# Name that wood



## ESA1178 (Jan 13, 2015)

Hello all...

Can anyone tell me what wood this piece of furniture is made of?

Thanks a bunch!

Mark
Sacramento, CA








[/URL]


----------



## ToddKY (Nov 21, 2010)

No picture


----------



## ESA1178 (Jan 13, 2015)

Hi ToddKY..

You cannot see the pics?

Mark


----------



## ToddKY (Nov 21, 2010)

I see no pictures. It's like there hasn't been any uploaded.


----------



## ESA1178 (Jan 13, 2015)

That's odd. Because I can see them.
Lets try this:


----------



## ESA1178 (Jan 13, 2015)




----------



## Steve Neul (Sep 2, 2011)

I think you have more than one kind of wood there. It's difficult to tell with the finish on it but the majority of it looks like alder or cherry.
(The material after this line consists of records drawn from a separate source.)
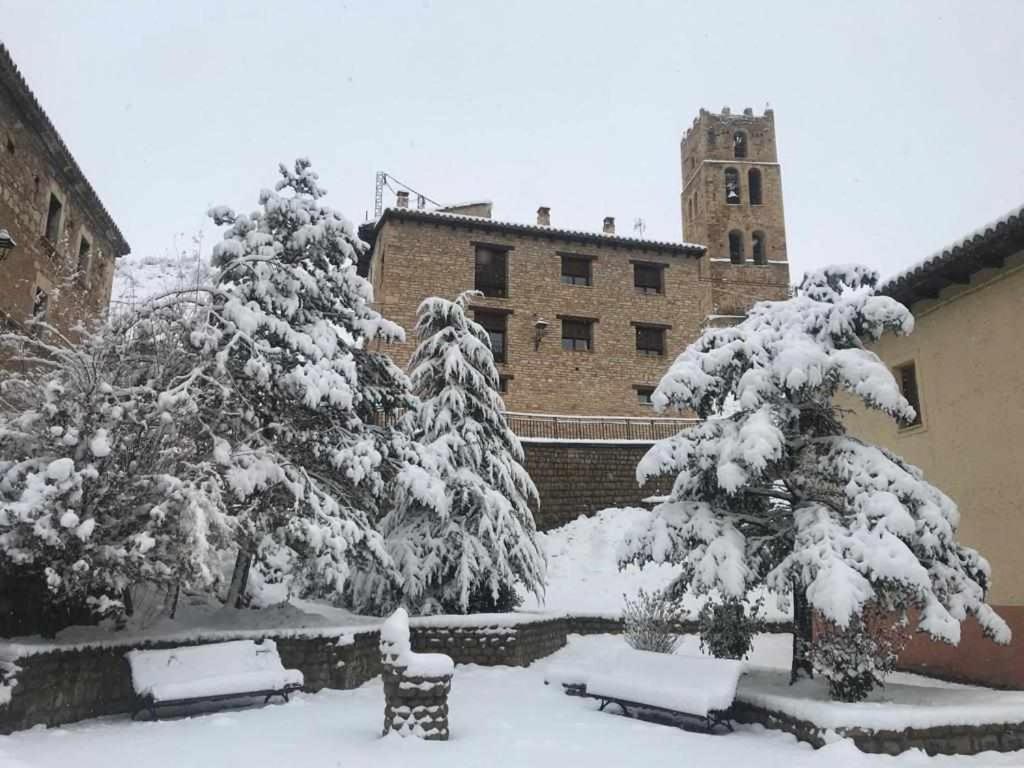 Apartamentos El Mirador Villarroya de los Pinares Kültér fotó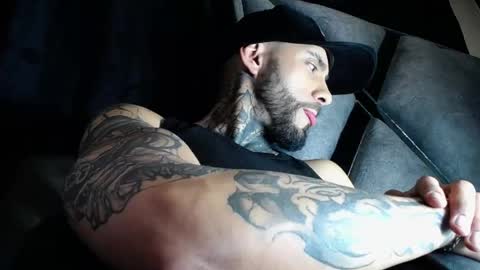 dante_d_angelo_ online show from April 30, 7:37 am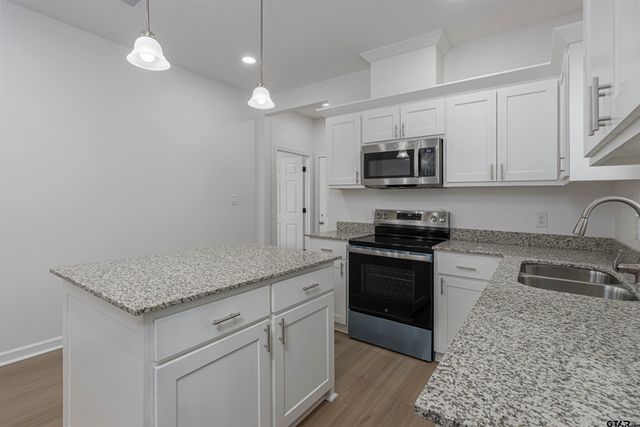 240 Elm St, Winona, TX 75792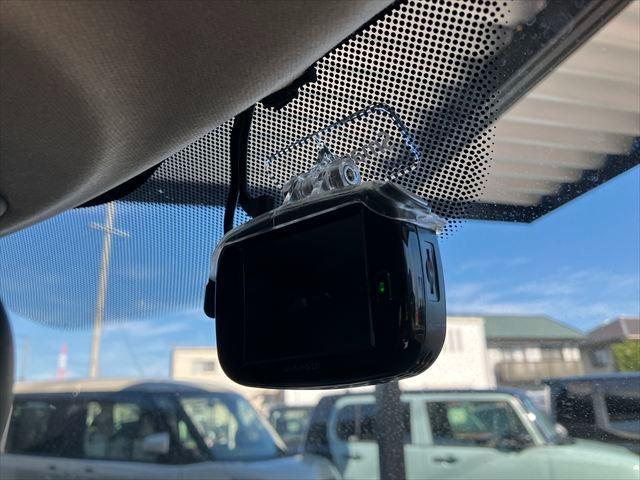 ドライブレコーダー付きで万が一の際でも安心です！！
The panels look like a straight grain ash.


----------



## TimPa (Jan 27, 2010)

agree with steve, looks like multiple. straight on and closer pics will help more.


----------



## BZawat (Sep 21, 2012)

My guesses are rift sawn red oak for the door panels, and clear flat sawn white pine for the rest.


----------



## ryan50hrl (Jun 30, 2012)

I agree it's two kinds of wood...panels look like rift sawn red oak, rails look like cherry.


----------